Nell’arco delle sue 10 puntate “Maniac” sembra perdere forza, per reggersi su un grande impatto visivo senza eccedere in ulteriori cospicue complessità narrative.

Tralasciando il grandissimo cast coinvolto, il grande punto di forza della miniserie Netflix consiste nell’usare la tematica fantascientifica per raccontare i nostri tempi. È il modus operandi tipico del cinema di genere di fantascienza, che negli ultimi anni si è fatto carico delle denuncia sociale. Peccato che nell’arco delle sue 10 puntate “Maniac” sembri perdere forza, per reggersi su un grande impatto visivo senza eccedere in ulteriori cospicue complessità narrative. Cary Fukanaga crea una contemporaneità alternativa. I continenti sono sette, c’è una statua dell’Extra-Libertà e dei mini-robot mantengono le strade pulite. Ovviamente il tutto è farcito della retronostalgia che oramai accomuna tutta la produzione seriale americana. Nonostante l’ambientazione a metà tra “Her” di Spike Jonze e “Blade Runner 2046” di Denis Villenueve, il regista prendendo spunto dalla cultura nipponica di anime e manga cyberpunk, dona una nuova verve. Non si tratta certo di una novità, ma il risultato è piacevole e di impatto.

“Maniac” potrebbe rientrare tra quei casi di miniserie limitate apprezzabili sotto ogni punto di vista critico.

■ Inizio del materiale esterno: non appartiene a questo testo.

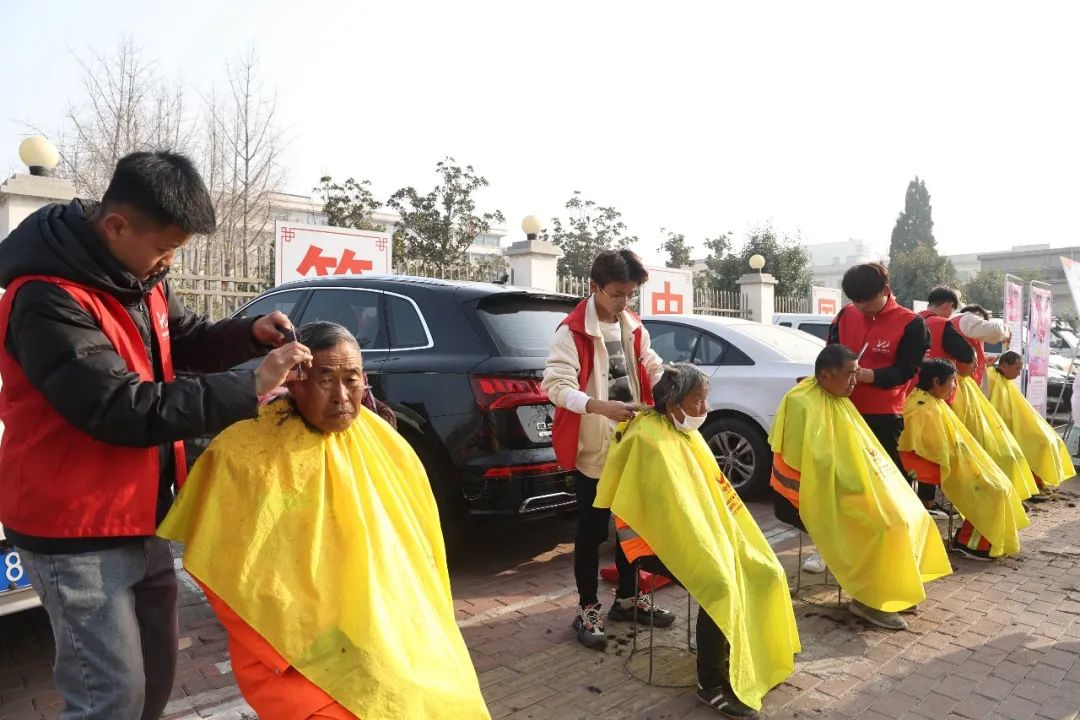熱烈祝賀濮陽市吳越職業(yè)培訓學校榮獲濮陽市華龍區(qū)“三八紅旗集體”稱號！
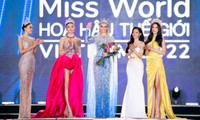Chung kết Miss World Vietnam 2022 để lại ấn tượng với đoàn Miss World thế giới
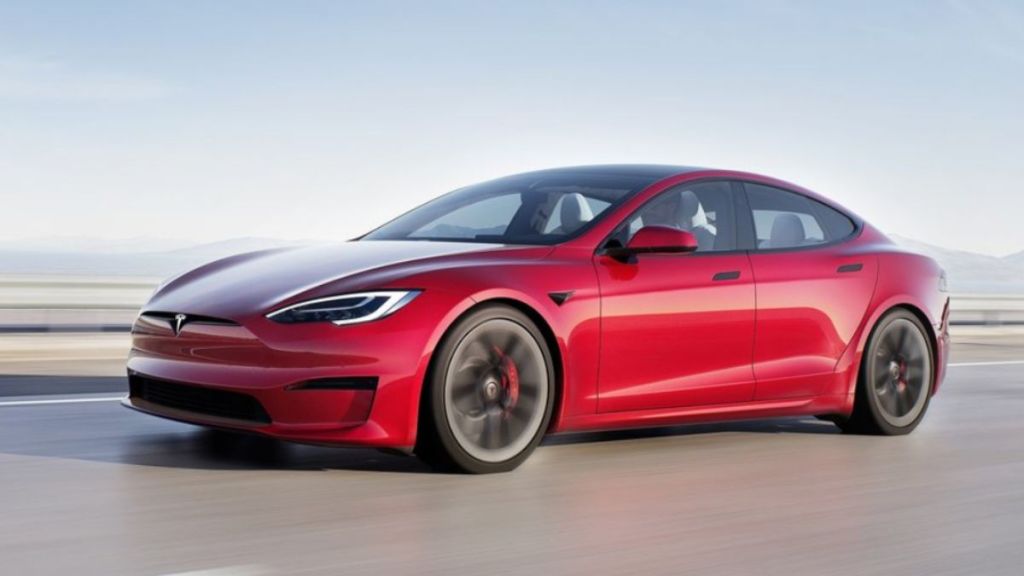 Tesla pulls the plug on lifetime connectivity subscription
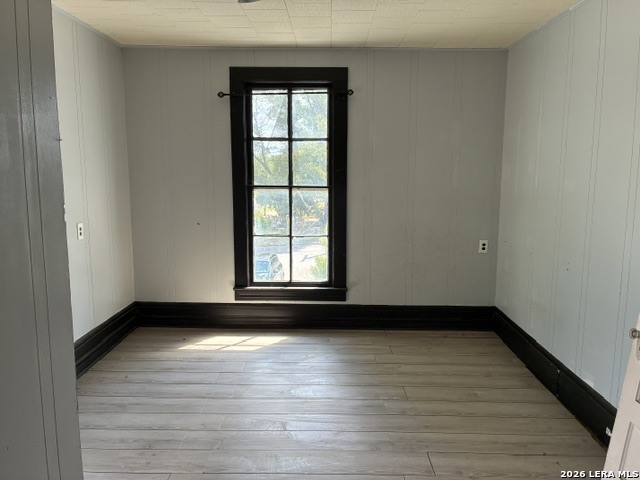 136 E Doughty Street Uvalde TX 78801
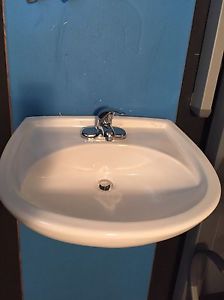 Pedestal sink and faucet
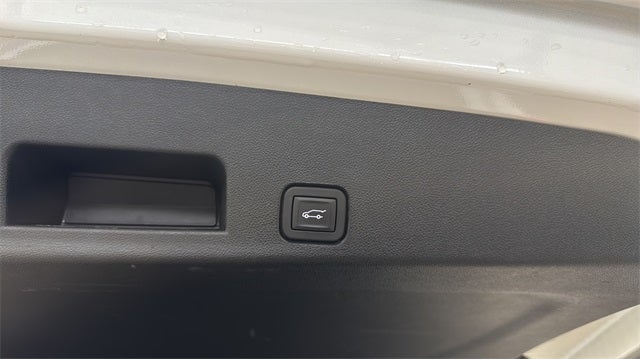 2025 Chevrolet Traverse LT 2LT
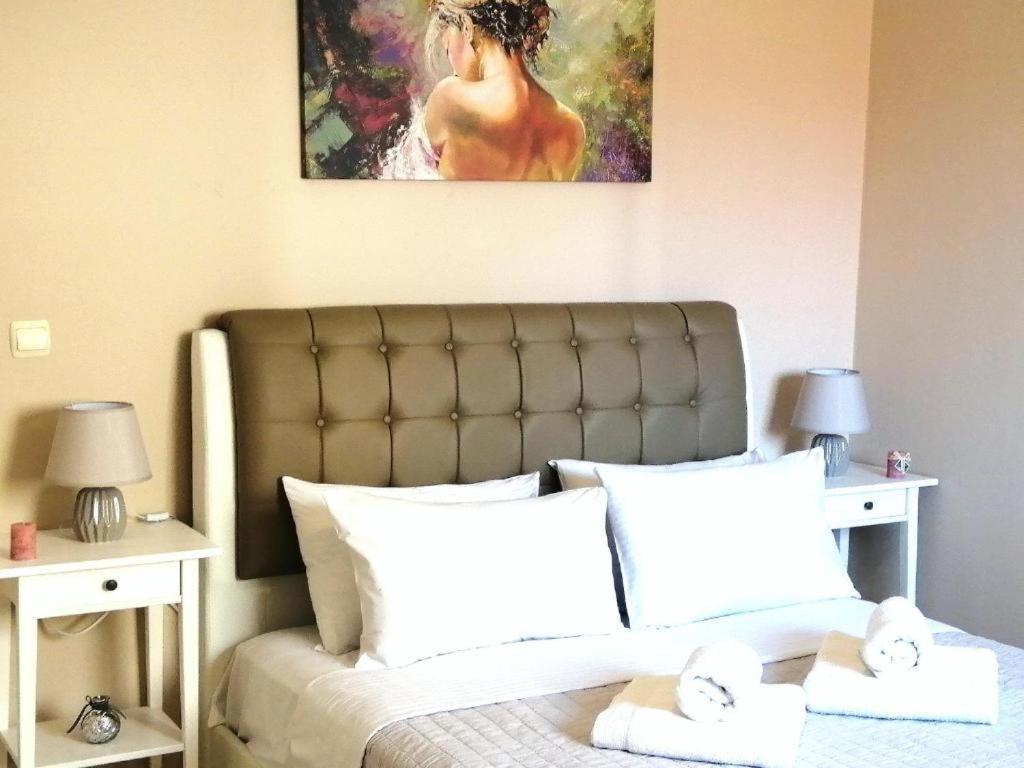 Odyseia Apts ιi At The Center Of The & Old Town Khania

Purtroppo si mantiene su deboli svolte narrative, o che risultano perlomeno prevedibili. Cary Fukunaga rivolgendosi ad un pubblico ampio come quello di Netflix, parte da buoni propositi registici e di storytelling. Ma dà, forse troppe, riposte affrettate ai quesiti rimasti in sospeso nel corso degli episodi. La questione iniziale sulla capacità di leggere la realtà in un’epoca ipermediata, l’eliminare la fase di dialogo di un’analisi psicologica e le sue possibili ritorsioni sui protagonisti, tendono quasi a dissolversi in favore della questione privata e sentimentale dei due personaggi principali e le vicende del dottor Mantleray (Justin Theroux) e sua madre, la psicologa/guru Greta Mantleray (interpretata da una sempre piacevolissima Sally Field).

Cary Fukunaga rivolgendosi ad un pubblico ampio come quello di Netflix, parte da buoni propositi registici e di storytelling.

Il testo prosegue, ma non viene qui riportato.